Today I forked a copy of the Mercury Github repository as I’ve seen at least one thing so far (albeit orthogonal to the language itself) I can submit a PR for. In order to build it though, you have to have a binary already installed as it is a “boot-strapping” process as most of Mercury is actually written in…Mercury!
Step 1: Getting a workable compiler
The first step is to go to this page: http://dl.mercurylang.org/index.html
and download the latest release of the day (ROTD) and then build it such that you restrict it to just the minimum build in order to be able to then check out and build the latest Github version. Once you have obtained, unpacked and moved into that folder from a command prompt:
$ cd -folder- $ ./configure --enable-minimal-install $ make $ sudo make install
Once all is said and done, you will get some instructions to add into your environment setup so that it works next time you open a new command line. Follow those instructions because in order for the next step to work you must have mmc
available on the path, and probably a load more tools that come with it. I didn’t look.
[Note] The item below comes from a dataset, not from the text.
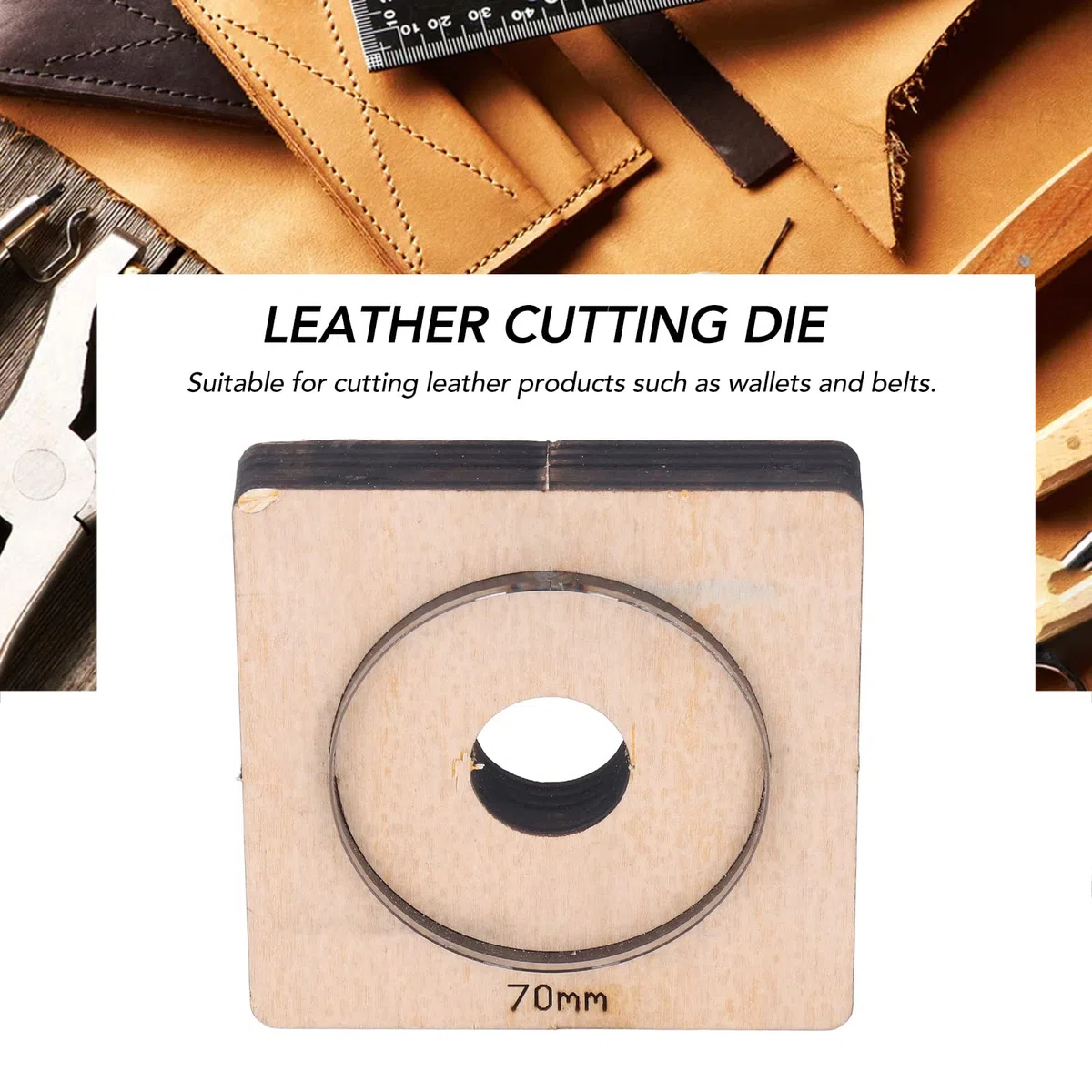 Tissting Troqueles De Corte Circular De 70mm - Herramienta De Estampado Para Cuero, Cartón, Caucho Y Más, Ideal Para Manualidades Y Decoraciones De Bricolaje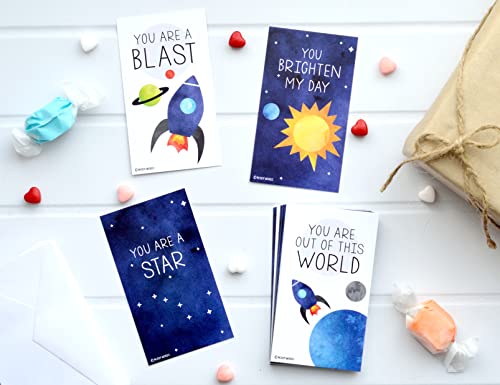 Nerdy Words Mini Outer Space Stars, Ship and Planets Funny Valentines (Wallet-Sized Valentines with Tiny Envelopes) Rocket Ship Cards for Valentine's Day (Set of 24) - Image 2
Step 2: Checking out the Github repo
The URL I’ve shown here is the official Mercury repo, but I forked a copy from my own github page, either way…
$ git clone https://github.com/Mercury-Language/mercury.git
Step 3: Building the beast
OK, now we are making progress and almost ready to make the build happen. But first, a note… I joined the mailing list and so far it has been very very helpful and very very friendly to my questions, and thanks to a comment from the legend that is AlaskanEmily
:
I would recommend only building a few grades, and not just letting configure do it’s thing. If you’re new to Mercury, then usually just something like
–enable-libgrades=hlc.gc,none.gc.stseg,none.gc.debug.stseg
So, in that case, the next couple of steps are:
$ cd mercury $ make realclean $ sh prepare.sh $ ./configure --enable-libgrades=hlc.gc,none.gc.stseg,none.gc.debug.stseg $ make PARALLEL=-j10 $ sudo make install
And…..be patient…it takes a while. I mean, a while. If it hadn’t been for that timely intervention I swear my laptop was ready to take on a liquid plastic form as it had been building with the default options.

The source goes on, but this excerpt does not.